The unexpected dislodgement of a neonatal or pediatric endotracheal tube can be one of those clarifying events; sort of like a wave of crystallization that really clears your head. It can get you rapidly focused on sorting your priorities. Suddenly, you know right where you are supposed to be, and the world can seem, at least for a few minutes, crystal clear. Working in some parts of the health care system can be described as long periods of tedious routine on the edge of boredom, separated by occasional moments of stark terror. While one of these events can give you a satisfying rush of adrenalin, there can be some pretty unhappy consequences of accidental extubations. An accidental extubation and subsequent emergency re-intubation can cause huge variations in cerebral blood flow in neonates, which can increase the risk of periventricular leukomalacia or intraventricular hemorrhage. If there is a prolonged period of deep hypoxemia, other brain functions might be permanently affected.
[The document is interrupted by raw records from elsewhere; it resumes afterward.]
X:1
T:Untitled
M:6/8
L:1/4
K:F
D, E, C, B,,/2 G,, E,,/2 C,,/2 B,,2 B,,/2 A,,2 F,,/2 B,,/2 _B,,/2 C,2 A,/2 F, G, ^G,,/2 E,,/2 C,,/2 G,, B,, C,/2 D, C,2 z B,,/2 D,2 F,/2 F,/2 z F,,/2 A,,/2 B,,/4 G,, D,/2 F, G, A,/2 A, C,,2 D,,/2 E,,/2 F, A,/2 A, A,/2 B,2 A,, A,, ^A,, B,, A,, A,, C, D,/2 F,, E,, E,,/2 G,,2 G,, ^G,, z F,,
The airway can be damaged during reintubation, leading to post-intubation airway problems. And finally, reintubation can introduce lots of pathogens from the oral cavity or the environment, or the hands of practitioners into the lower respiratory tract, which, as my grandfather would say "ain't good". Thus, accidental extubations can be a marker of bad care. Improper securing of endotracheal tubes, inadequate or inconsistent sedation policy, or lack of slow methodical attention to detail when moving patients can all contribute to accidental extubations. Of course, not all of these unhappy events are preventable, but some (maybe most) are.
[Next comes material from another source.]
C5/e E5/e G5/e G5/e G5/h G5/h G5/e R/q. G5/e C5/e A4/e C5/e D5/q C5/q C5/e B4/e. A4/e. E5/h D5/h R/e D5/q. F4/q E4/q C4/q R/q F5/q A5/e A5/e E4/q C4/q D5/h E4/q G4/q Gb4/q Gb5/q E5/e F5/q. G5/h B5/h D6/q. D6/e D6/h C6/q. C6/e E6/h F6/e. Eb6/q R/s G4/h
So how is your NICU doing with accidental extubations? This can be hard to figure out. First, you need to actually be measuring it. I think this duty ought to fall on the respiratory therapy department. It really is a perfect organizational fit. And it shows that you and your RT colleagues are committed to continuous improvement of clinical operations. If accidental extubations are not now being measured in the NICU, suggest it. Present a plan on how to measure it and what you will do with the measures once you get them. I have seen a number of systems for measuring these events. Some have a person review the medical record daily looking for evidence from the previous 24 hours. Others have a separate paper form that is filled out by the bedside staff when dislodgement occurs. Still others use the hospitals incident reporting system, which can be paper or electronic. Whatever system you develop, it should be tested for accuracy (the ability to capture all the events) by running two parallel measurement systems for a while. If you are using episodic, voluntary incident reporting by the bedside staff, do a study where this is compared to detailed medical record review.

A funny thing about measures is that they have the nasty habit of requiring interpretation. Data is crucial, but it can be useless unless turned into information. And having data almost always results in the ability to compare. Data on accidental extubations in the NICU are out there. A PubMed search will find it. Like all topics, papers vary in quality and applicability, but they can give you a starting point for analyzing your data.

There are also benchmarking data out there. There are commercial companies that your hospital can join that track things like neonatal and pediatric accidental extubation rates from many hospitals. Medical Management and Planning Inc ( is one of these. They have data broken out between adult, pediatric and neonatal environments and have many years of measures from lots of hospitals.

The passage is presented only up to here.